Asbury Memorial Church Theatre Company performs Man of La Mancha
Performances 7:30 p.m. Friday and Saturday, March 6, 7, 13, & 14, and 3 p.m. Sunday, March 8 & 15.
Asbury Park UMC, 1008 Henry St.
General admission is $20, or $15 seniors 65+. Tickets can be purchased at the door or online at www.asburymemorial.org/theatre/.
MARKING 55 years since its Broadway debut, the perennial favorite Man of La Mancha will again be performed on a local stage — this time by the musical mavens at Asbury Memorial Church Theatre Company, who are back with a new show after a two-year break.
Famous for its high-quality shows and pro-level singing and acting talent in the congregation, Asbury’s version of the popular show will be directed by local theatre veteran Travis Spangenburg.
“The folks at Asbury laid out a few different options for shows when they were searching for directors. As soon as I started looking into Man of La Mancha, I was hooked,” Spangenburg tells us.
“What really got me excited was the reaction of so many people in the local theatre community when I said I was interested in directing it. Several of them were almost shaking with excitement when I told them!”
While its signature tune, “The Impossible Dream” is one of the most recognizable songs ever written, Spangenburg is quick to say that “all the songs move the plot forward.”
The plot itself is interesting, and tends to be overlooked: Almost all the action takes place during a mock trial in a prison during the Spanish Inquisition.
New prisoner Miguel de Cervantes – author of Don Quixote, of course – along with his servant Sancho Panza puts on a play, casting fellow prisoners.

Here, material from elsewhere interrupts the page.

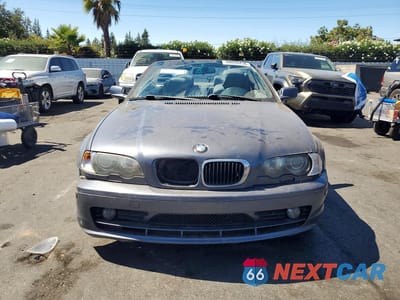 Piąte zdjęcie samochodu w środku: 2002 BMW 325 CI VIN:WBABS33432PG83583 - miniatura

Playwright Dale Wasserman settled on the plot device knowing full well that many adaptations of the tale of Don Quixote had failed. Based on a previous TV script he’d written, Man of La Mancha is a fanciful embellishment, not intended to portray either Cervantes’ life nor the story he immortalized in Don Quixote.

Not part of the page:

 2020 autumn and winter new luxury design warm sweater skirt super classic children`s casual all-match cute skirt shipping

For Spangenburg, one secret of Man of La Mancha’s more than half-century of success is that “It has an overwhelming sense of optimism, one that’s especially welcome right now. It’s easy to let go of optimism sometimes, especially when it’s not cool to be hopeful about anything, when cynicism is in. But Cervantes, by way of Don Quixote, lets us know that you can always have hope.”
Interestingly, this is Spangenburg’s first-ever directorial gig on a musical.
“I was a bit petrified at first!” he admits. “But when I was slated to do it, I’d already had the chance to meet with some of my director friends about it. And all the folks at Asbury are such a wonderful support system, from our musical director Warren Heilman to Cheri Hester, and of course Ray Ellis, who plays our Sancho.”
Having so much support on the music end, Spangenburg says, “has enabled me to focus more on the storytelling aspect, which is really what I’m best at anyway.”
As Cervantes/Quixote, Spangenburg cast Justin Kent, who some will remember from his role as Banquo in Savannah Shakes’ recent production of Macbeth.
“Justin Kent brings so much comic energy to the stage. He just oozes funniness so naturally. He’s so easy for audiences to like,” Spangenburge says.
“And you have to like Quixote. He’s a bit crazy, but you still believe in him. Justin has us laughing constantly during rehearsal, even at things we’ve already heard dozens of times.”
Of local theatre legend Ray Ellis, playing Sancho Panza, Spangenburg says “His ability to take a role and constantly work to improve on it is a gift.”
The full cast comprises Chase S. Wilkinson, Justin P. Kent, Ray Ellis, Stephen Reed, Joshua C.S. Lewis, Jordan Soto, David Jordan Willis, James Siler, Donald Jarvis, Kayla M. Black, Kelly L. Jones, Lila West, Bobbie Renee Lewis, Mickey Dodge, Rayshawn Roberts, and Kevin Fleming.
The question the production team faced in this production was, “Do you go all out with a full costume show, or really go with the plot device of it being a play within a play?” according to Spangenburg.
“To me, the whole thing screams like it’s a show being done out of a trunk. So we tried to keep the focus on the prisoners.”
For Spangenburg, there was a personal reason.
“I once did a playwright’s workshop in Kentucky, that was literally in a prison, for the prisoners to participate in,” he says. “I got to see firsthand the power of theatre and storytelling. Inmates used it to confront what they’d done, or how they’d affected their families, things like that. They found hope to heal in some way.”
As a director, what Spangenburg like about musicals is, interestingly enough, one of the things he likes about Shakespeare.
“There’s not a lot of subtext. The characters tell you what they’re thinking, and in the case of Man of La Mancha, it all goes along with the music. The characters never lie to you.”